▼▼▼
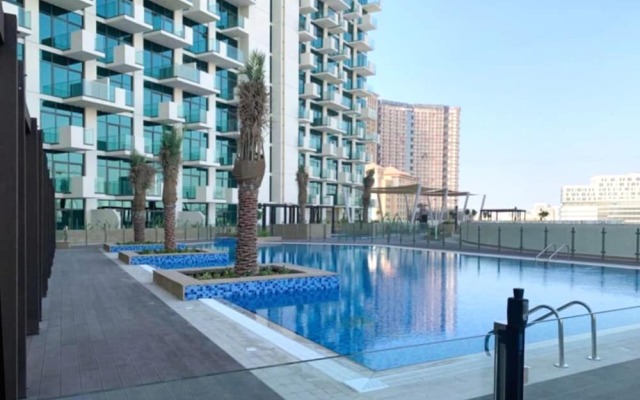 Greek View Studio Farhad Azizi Residence Al Jaddaf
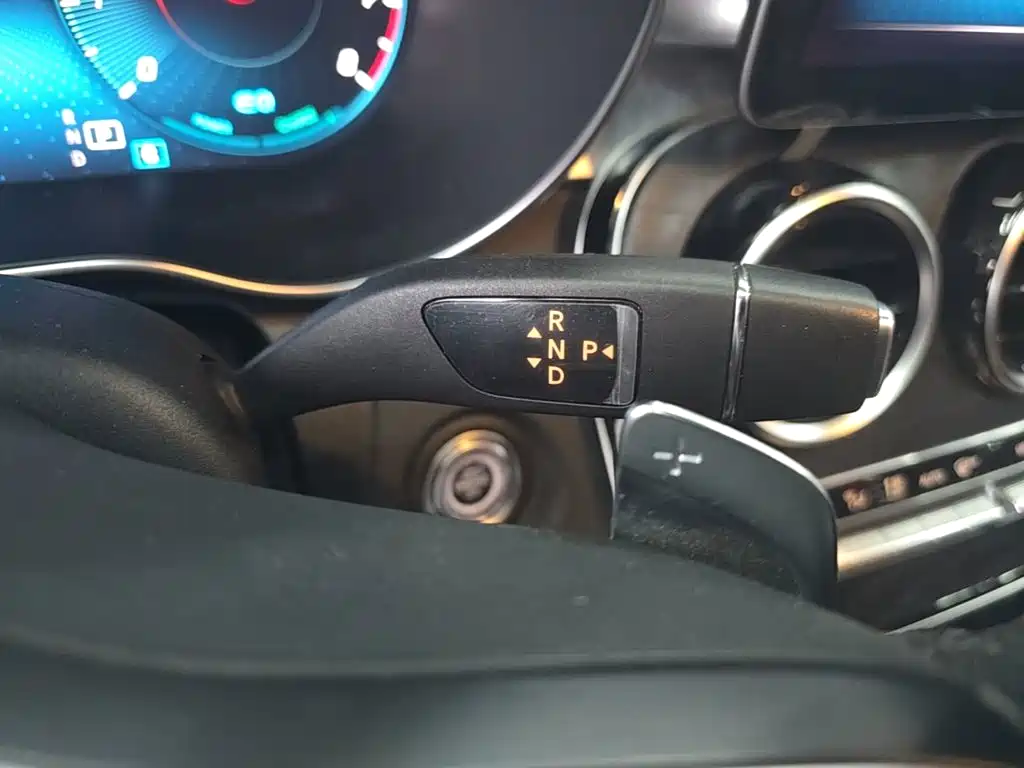 Mercedes-Benz C-Class — миниатюра 14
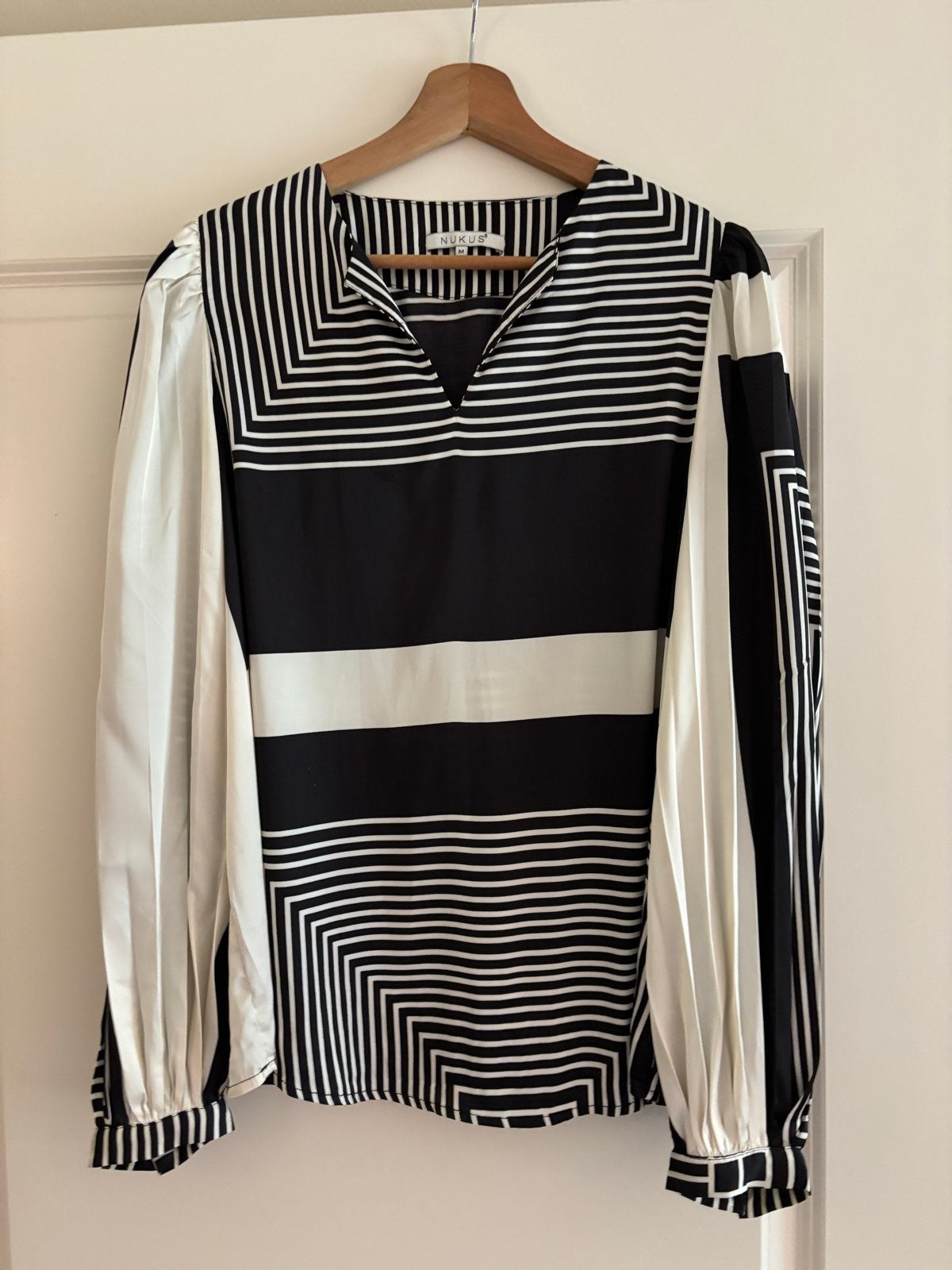 Nukus blouse zwart wit maat M, Ophalen of Verzenden, Zo goed als nieuw, Maat 38/40 (M), Zwart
▲▲▲
» **Task item**: Your task is to retype exactly the lines that run from the line with "Mercedes-Benz C-Class — миниатюра 14" through the last line of the material, with the pictures left out.

» **Response to the task**:
 Mercedes-Benz C-Class — миниатюра 14
 Nukus blouse zwart wit maat M, Ophalen of Verzenden, Zo goed als nieuw, Maat 38/40 (M), Zwart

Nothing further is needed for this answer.